We’re a jolly bunch, those of us who gather in that room. Our ace storyteller is – unexpectedly – a retired City Chairman and former Master of one of the City of London’s Livery Companies. He is always suited and invariably tells his story with a pint of lager to hand. Impeccable timing, an eye for unusual detail, and the relish of a born storyteller are his secret.
The person who tells the first story by custom, though, is a celebrity local radio presenter on BBC Oxford called Bill Heine: an American renowned in the city for “crashing” – his choice of word, not mine – a huge fibreglass shark into the roof of his Headington home.
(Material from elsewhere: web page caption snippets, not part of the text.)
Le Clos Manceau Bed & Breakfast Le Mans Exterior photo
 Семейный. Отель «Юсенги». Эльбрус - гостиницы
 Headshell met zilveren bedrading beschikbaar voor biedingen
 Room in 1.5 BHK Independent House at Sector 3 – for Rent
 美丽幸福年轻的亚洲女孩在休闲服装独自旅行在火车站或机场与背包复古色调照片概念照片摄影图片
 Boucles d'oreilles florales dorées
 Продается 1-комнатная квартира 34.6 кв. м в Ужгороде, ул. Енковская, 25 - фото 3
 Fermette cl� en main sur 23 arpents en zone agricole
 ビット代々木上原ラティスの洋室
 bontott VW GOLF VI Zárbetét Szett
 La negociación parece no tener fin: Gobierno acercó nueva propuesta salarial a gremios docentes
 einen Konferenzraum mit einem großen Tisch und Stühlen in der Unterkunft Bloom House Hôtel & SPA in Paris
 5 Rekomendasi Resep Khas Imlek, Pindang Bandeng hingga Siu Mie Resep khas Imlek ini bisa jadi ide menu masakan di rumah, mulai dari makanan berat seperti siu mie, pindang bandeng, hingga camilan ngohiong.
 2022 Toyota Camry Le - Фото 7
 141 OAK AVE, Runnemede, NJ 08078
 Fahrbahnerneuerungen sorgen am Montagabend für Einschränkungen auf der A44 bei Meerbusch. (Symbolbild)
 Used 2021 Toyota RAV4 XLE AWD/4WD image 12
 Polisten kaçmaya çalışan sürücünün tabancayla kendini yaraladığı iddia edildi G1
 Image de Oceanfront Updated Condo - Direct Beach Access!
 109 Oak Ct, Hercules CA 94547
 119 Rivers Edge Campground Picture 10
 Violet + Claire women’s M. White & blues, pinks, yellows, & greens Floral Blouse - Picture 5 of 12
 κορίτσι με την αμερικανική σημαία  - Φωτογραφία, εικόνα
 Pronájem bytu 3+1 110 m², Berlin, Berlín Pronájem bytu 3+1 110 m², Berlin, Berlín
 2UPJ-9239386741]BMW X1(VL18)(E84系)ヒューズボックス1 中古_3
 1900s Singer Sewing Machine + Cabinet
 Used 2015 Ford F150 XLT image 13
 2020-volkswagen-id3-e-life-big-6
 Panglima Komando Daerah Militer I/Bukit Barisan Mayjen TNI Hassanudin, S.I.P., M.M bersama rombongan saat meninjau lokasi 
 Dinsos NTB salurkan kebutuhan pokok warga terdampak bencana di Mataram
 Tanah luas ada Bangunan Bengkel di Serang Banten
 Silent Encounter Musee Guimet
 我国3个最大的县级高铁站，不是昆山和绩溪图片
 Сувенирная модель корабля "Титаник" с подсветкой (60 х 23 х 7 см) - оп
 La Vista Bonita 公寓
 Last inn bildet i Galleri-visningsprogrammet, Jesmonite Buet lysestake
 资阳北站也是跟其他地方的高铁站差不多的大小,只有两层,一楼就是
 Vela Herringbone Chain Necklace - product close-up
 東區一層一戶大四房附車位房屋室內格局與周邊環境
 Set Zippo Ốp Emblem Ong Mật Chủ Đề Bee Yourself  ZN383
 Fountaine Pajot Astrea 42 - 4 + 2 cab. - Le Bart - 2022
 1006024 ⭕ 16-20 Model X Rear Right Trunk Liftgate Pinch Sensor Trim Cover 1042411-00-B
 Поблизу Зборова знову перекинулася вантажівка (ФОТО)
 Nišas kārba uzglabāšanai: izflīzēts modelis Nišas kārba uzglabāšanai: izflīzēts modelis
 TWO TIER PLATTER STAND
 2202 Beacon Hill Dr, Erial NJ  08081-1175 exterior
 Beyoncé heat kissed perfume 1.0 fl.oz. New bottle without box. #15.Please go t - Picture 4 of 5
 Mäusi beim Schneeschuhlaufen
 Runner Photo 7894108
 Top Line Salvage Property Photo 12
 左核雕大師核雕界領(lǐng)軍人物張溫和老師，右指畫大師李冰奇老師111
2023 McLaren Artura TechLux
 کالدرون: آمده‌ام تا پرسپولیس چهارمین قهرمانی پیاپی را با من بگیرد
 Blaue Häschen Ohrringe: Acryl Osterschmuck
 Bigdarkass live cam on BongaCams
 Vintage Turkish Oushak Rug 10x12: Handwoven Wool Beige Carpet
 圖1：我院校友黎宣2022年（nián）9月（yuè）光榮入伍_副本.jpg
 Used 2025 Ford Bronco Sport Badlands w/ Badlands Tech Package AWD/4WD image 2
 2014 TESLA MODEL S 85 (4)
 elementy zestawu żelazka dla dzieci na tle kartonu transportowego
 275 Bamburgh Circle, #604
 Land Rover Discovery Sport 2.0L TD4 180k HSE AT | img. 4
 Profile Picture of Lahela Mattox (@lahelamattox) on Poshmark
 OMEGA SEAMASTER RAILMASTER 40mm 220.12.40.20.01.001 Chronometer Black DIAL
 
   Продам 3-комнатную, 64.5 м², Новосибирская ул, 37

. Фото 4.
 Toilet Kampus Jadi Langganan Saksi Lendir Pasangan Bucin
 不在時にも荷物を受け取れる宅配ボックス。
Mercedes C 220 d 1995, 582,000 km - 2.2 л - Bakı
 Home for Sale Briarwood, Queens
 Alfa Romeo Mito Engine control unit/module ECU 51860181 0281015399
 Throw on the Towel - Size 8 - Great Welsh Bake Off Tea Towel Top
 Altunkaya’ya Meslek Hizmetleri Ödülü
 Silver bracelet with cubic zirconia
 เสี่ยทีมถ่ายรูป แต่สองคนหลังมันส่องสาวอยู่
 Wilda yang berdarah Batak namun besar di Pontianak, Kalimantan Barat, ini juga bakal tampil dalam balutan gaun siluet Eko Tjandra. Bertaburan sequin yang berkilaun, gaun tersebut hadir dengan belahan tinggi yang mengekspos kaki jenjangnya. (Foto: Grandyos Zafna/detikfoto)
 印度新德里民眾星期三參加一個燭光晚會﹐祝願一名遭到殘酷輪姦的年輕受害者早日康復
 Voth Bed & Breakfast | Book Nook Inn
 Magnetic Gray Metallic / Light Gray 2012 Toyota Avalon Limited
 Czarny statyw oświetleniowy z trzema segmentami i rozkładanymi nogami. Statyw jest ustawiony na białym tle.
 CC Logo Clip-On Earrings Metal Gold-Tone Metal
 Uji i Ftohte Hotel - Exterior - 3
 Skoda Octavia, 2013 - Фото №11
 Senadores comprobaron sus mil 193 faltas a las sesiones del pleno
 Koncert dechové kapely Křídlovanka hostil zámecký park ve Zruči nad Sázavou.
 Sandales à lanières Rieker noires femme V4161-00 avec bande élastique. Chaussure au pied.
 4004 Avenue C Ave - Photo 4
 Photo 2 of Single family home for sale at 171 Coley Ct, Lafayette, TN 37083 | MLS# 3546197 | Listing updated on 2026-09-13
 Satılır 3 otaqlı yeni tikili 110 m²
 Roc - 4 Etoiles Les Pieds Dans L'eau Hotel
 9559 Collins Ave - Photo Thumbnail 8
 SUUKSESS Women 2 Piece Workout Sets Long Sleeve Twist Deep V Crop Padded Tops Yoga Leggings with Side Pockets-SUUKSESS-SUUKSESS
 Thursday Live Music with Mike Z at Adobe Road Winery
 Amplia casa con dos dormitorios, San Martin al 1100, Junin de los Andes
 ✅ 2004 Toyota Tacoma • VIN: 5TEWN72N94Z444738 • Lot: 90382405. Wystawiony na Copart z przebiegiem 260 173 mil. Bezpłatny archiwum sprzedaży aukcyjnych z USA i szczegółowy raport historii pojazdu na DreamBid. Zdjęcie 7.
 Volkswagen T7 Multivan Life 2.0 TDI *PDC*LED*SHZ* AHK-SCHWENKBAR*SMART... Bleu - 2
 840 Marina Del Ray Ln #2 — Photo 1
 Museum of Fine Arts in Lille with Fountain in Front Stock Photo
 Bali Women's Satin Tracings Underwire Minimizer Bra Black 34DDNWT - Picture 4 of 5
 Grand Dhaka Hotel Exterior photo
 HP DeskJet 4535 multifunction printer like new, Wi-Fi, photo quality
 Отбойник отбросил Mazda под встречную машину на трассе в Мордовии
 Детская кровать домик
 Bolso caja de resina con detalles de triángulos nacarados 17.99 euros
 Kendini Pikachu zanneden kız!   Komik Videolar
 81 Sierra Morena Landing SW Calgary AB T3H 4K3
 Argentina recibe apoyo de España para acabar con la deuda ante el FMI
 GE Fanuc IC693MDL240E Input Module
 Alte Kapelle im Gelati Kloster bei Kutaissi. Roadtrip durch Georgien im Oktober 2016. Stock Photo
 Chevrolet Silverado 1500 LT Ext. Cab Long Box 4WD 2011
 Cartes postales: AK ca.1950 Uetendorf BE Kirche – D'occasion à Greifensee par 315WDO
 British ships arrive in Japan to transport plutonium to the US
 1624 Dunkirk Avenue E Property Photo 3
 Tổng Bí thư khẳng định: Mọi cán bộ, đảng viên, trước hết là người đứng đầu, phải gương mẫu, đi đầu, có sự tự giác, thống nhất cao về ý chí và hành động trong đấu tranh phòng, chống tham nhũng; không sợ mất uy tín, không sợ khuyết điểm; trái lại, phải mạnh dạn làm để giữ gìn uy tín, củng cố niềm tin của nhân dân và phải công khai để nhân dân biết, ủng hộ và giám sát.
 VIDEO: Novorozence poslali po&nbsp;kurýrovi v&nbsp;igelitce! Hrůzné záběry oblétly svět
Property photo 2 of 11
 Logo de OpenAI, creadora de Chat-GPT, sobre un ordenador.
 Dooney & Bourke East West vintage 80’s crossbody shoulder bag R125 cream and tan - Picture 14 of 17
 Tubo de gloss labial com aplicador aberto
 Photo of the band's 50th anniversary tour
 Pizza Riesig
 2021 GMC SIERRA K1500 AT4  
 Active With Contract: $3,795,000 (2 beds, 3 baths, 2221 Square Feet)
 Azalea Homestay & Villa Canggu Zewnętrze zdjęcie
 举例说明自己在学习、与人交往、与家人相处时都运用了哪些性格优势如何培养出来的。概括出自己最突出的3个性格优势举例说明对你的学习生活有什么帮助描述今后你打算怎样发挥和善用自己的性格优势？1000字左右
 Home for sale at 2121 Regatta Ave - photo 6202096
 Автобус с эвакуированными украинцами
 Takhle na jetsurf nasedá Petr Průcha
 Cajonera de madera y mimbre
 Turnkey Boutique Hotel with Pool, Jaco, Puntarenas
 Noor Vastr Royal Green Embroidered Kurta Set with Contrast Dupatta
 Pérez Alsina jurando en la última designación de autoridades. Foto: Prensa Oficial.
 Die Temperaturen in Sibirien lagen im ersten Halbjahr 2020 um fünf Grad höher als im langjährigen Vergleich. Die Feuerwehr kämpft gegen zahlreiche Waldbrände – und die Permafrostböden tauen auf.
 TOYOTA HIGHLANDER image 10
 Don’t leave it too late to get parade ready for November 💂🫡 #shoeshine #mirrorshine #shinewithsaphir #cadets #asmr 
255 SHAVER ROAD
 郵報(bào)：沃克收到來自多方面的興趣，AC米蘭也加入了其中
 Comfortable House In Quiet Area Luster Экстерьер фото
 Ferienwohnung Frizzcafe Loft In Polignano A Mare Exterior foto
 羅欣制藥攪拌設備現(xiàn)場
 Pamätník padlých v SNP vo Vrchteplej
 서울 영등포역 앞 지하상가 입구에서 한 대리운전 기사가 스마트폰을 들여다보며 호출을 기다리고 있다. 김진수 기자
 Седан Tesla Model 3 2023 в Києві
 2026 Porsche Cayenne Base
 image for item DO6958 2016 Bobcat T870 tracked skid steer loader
It's an eye-catching protest against random US bombing raids over the years, and has become as good a story among locals as the ones he weaves at our meetings.
Others include a professor emeritus, a large personality called Yorick, a female short story writer, a computer cataloguer at the Bodleian who specialises in droll tales of rebuttals and reverses, and plenty more besides. The whole lot is MC’d with aplomb by an ex-IBM executive. But the doyenne of our group – and the reason it exists in the first place – is a lady in her early eighties who can trace her ancestry back directly to Henry Fielding, founder, many would argue, of the English novel.
Sara Banerji, pictured here in her younger days, is a remarkable woman. She has lived life to the full on three continents. Sent to Africa in her teens, she went on the run – unsuccessfully as it turned out – to avoid being sent back to England. Then, having married an Indian, she raced her horse Tough Baby on the professional racetracks of South India. Her mother was a writer, as was her mother’s father. She herself has had nine novels published, the most celebrated being Shining Hero (2002).
Sara has been the life force behind Sharkspark ever since she heard about a similar organisation based at the Canal Café in Little Venice in London. The Canal Café is home to a more raucous experience than ours, with the Oxford version gentler and more supportive, but then that is perhaps its strength. All sorts of stories get told: some are intensely personal, others more anecdotal. A couple of people have steeled themselves to tell truly distressing tales from childhood, one of them adding – and he clearly meant it – that he found the experience cathartic. But that's far from being the rule.
For myself, I find the benefits more lateral. It’s not surprising to me that so many writers – and would-be writers – attend. Somehow, the experience forces you to loosen up, and that hopefully translates to your writing. But whether it does or not, that is not the main reason for being there. It’s just plain fun. And could, I suspect, be the next craze.
We meet on the last Monday of each month in the Library at Turl Street Kitchen. The brief is simple: that the stories should be true, unscripted and last no longer than five minutes. The topics which spark the stories are all expressed in one word – revenge, drink, hope, mistakes, abroad, and so on – paying tribute to a university exam tradition established at All Soul's in the early fifties. If you feel you can handle that, whether resident in Oxford or simply revisiting, you are more than welcome.
Malcolm Southan worked for the Sunday Times, Granada TV and LWT. He read Modern History at Exeter College (1958).